File ~/checkouts/readthedocs.org/user_builds/pyscal-rdf/conda/latest/lib/python3.11/site-packages/atomrdf/graph.py:46
     44 from atomrdf.stores import create_store, purge
     45 import atomrdf.json_io as json_io
---> 46 import atomrdf.mp as amp
     49 from atomrdf.namespace import (
     50     CMSO,
     51     PLDO,
   (...)     56     Literal,
     57 )
     59 # read element data file

File ~/checkouts/readthedocs.org/user_builds/pyscal-rdf/conda/latest/lib/python3.11/site-packages/atomrdf/mp.py:5
      1 """
      2 Wrapper around Materials Project to query structures and get it as a KG
      3 """
----> 5 from mp_api.client import MPRester
      6 import numpy as np
      8 def query_mp(api_key, chemical_system=None, material_ids=None, is_stable=True):

ModuleNotFoundError: No module named 'mp_api'

1. In-memory graph (the default)#

kg = KnowledgeGraph()
_ = build.bulk("Fe", cubic=True, graph=kg)
_ = build.bulk("Cu", cubic=True, graph=kg)
kg.n_samples

Write the graph to disk and round-trip it:

kg.write("demo.ttl", format="ttl")
kg2 = KnowledgeGraph(graph_file="demo.ttl")
kg2.n_samples

JSON-LD also works, which is often easier to consume from web tooling:

kg.write("demo.jsonld", format="json-ld")

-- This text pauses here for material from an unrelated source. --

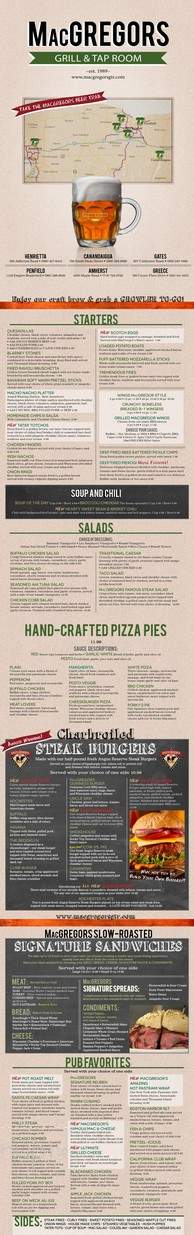Mac Gregor's Grill & Tap Room - Rochester, NY menu_pic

2. Picking a different store#

atomRDF ships connectors for three stores. They are selected via the store argument:

from atomrdf import KnowledgeGraph

# Default in-process memory store:
kg = KnowledgeGraph(store="Memory")

# SQLAlchemy-backed (requires `pip install "atomrdf[sqlalchemy]"`):
kg = KnowledgeGraph(store="db", store_file="atomrdf.db")

# Oxigraph (requires `pip install "atomrdf[oxigraph]"`):
kg = KnowledgeGraph(store="Oxigraph", store_file="oxidir/")

All three stores expose the same Python API; pick the in-memory store for quick experiments and one of the persistent stores for long-running projects.

3. Visualising the graph#

kg.visualise() renders the RDF graph inline using GraphViz. hide_types=True collapses rdf:type edges so only the data relationships remain.

kg.visualise(hide_types=True, size=(40, 25))

For very large graphs the inline view can become unwieldy; in that case export to a stand-alone HTML / SVG file and open it in a browser.